Storytelling by Women Filmmakers Evolves With DV

A daughter's camera confronts suspect in rape

by Philippa Bourke
Posted August 2002

Thoroughly modern films about women were just one of the unexpected delights of the Tribeca Film Festival this spring, setting audiences abuzz and walking and talking into the wide expanses of night that settled on Battery Park.

Take the scene in "Lovely and Amazing", in which an actress asks an intimate stranger for an inventory of her skim latte form. "That guy sure was right," remarked a man deep in thought several blocks from the screening. "She badly needed a trim," he added for the benefit of his female companions.

"She was at the bottom," director Nicole Holofcener says of the character Elizabeth, played by Emily Mortimer, in the delicate scene that screams from her second feature film. "It was like she had to get all the facts out, the ifs & the ands, like "you have beautiful ears ... but your neck is long, "before she could begin to move on with her life.

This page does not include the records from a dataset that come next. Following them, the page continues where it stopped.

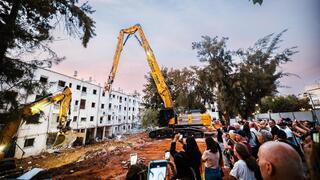 התחדשות עירונית בחולון הריסת מבנים ישנים ברחוב שנקר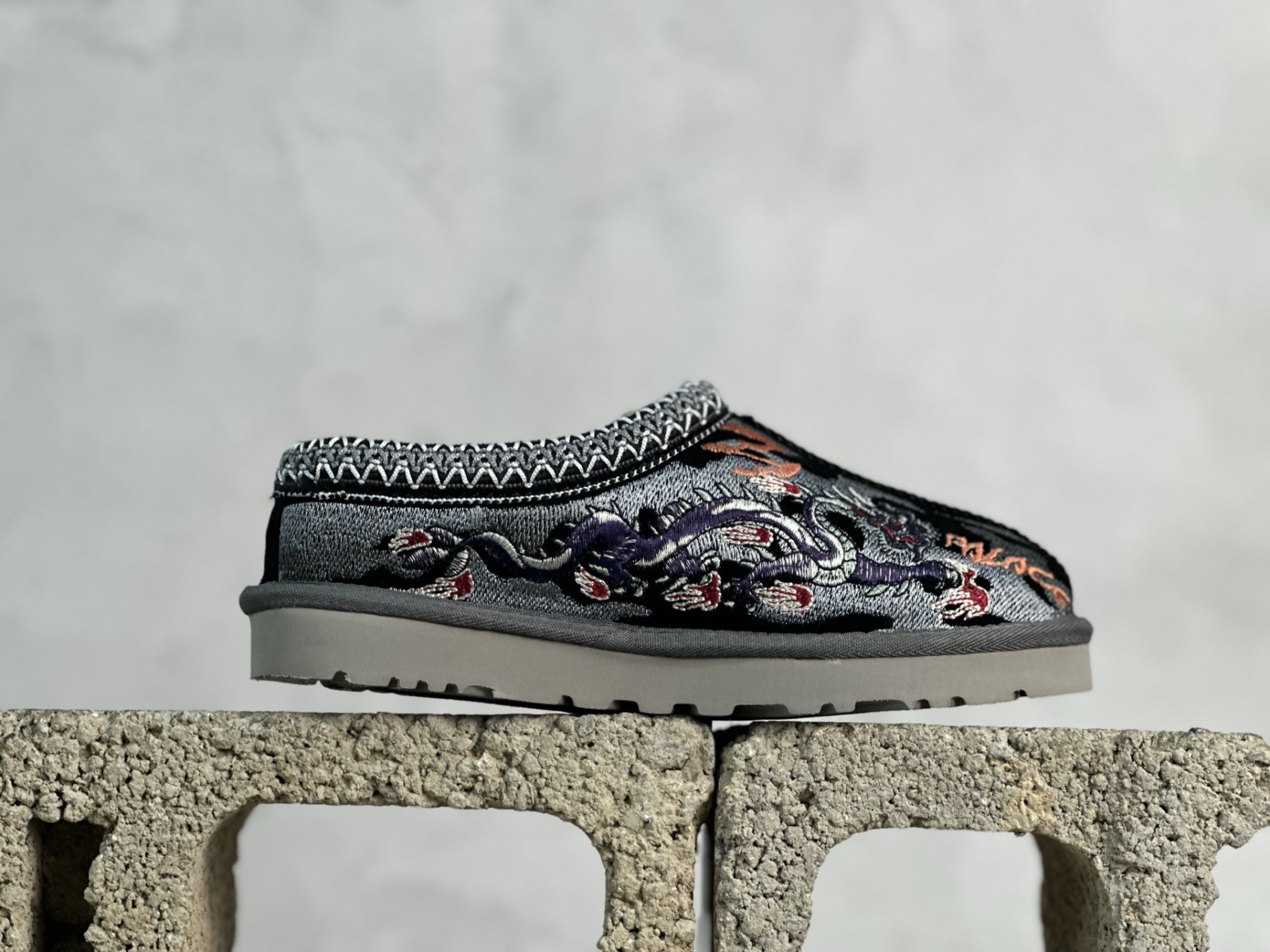 UGG x Palace联名款 虎年限定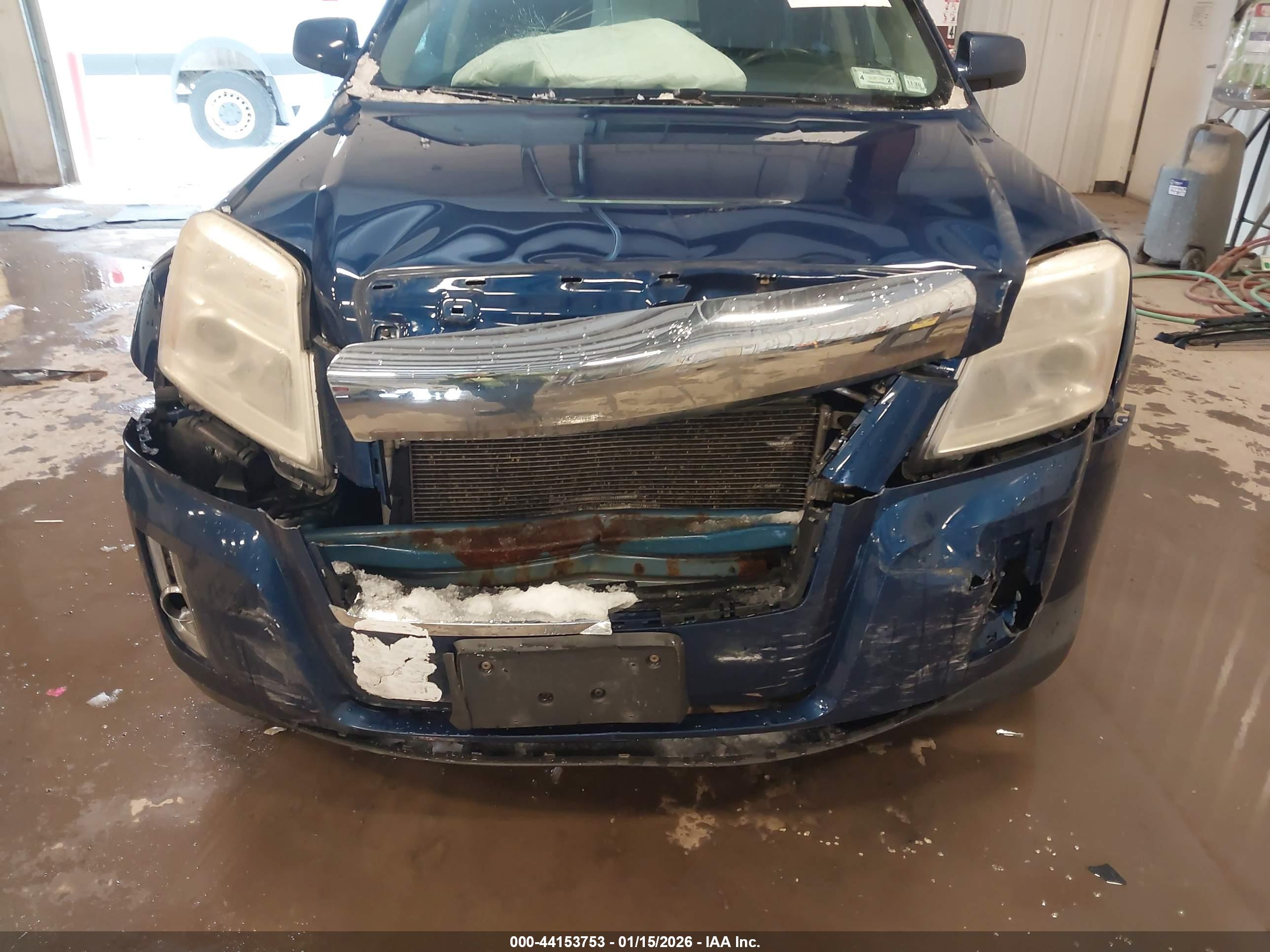 GMC TERRAIN image 6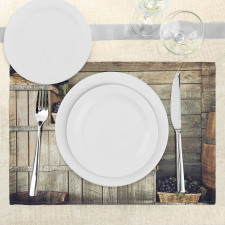 Wooden Ivy Florals Place Mats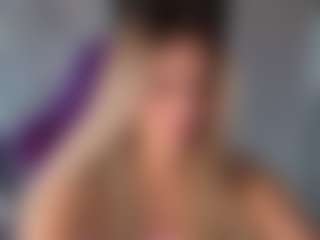 Live cam show with StacyWells - Small Tits Brown Hair on Hubzter Live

Elizabeth's baby boomer mother, African American young sister and another, a study in dysthmia by Catherine Keener, are all flirting with the bottom as they jar and clang their way through decor-lifted interiors; Los Angeles and the cover-girl tunnels of self-awareness that shrink them to 24/7 tailoring in the universe of the body.

Each emerges from near-brushes with fate and a lot of random proof of what's wrong with her world to find in the other a wake-up call from a bad everyday dream.

"Body image is definitely something I'm concerned with but it's really only a part of it," Holofcener said recently in New York. "The beauty thing is a concern but the focus was really the family and the way we learn to accept the one we've got in the end."

"Lovely and Amazing," together with a premiere showing of "Personal Velocity," an award-winning film by Rebecca Miller which tells three short stories of women, and a clutch of brazen, documentary films by women that were shot on DV, such as Alexandra Pelosi's "Journeys with George," turned the Tribeca program into a canvas for women filmmakers and somehow, more than its September 11th premise.

Women-directed dramatic features made in the digital medium gave glimpses of an art that often breaks the rules to accomplish much with a limited palette, while dispensing with the good, the girly and the gossamered to explore full-bodied characters who steer themselves in brittle storylines that come boldly close to women's lives now.

Departing from earlier American forays into digital video, no two films besides "Lovely and Amazing" and "Personal Velocity" could better demonstrate that digital video is nowadays becoming less of a mini-cult statement and more of a means to a convincingly cinematic end. Filmmakers, meanwhile, who have worked to make it look this good, sound like survivors as they hail its speed, intimacy and economy and bemoan its risks, pitfalls and frustrations.

"It wasn't like being real down and dirty at all. I almost couldn't tell the difference," said Holofcener, recapping her first experience of filming without film.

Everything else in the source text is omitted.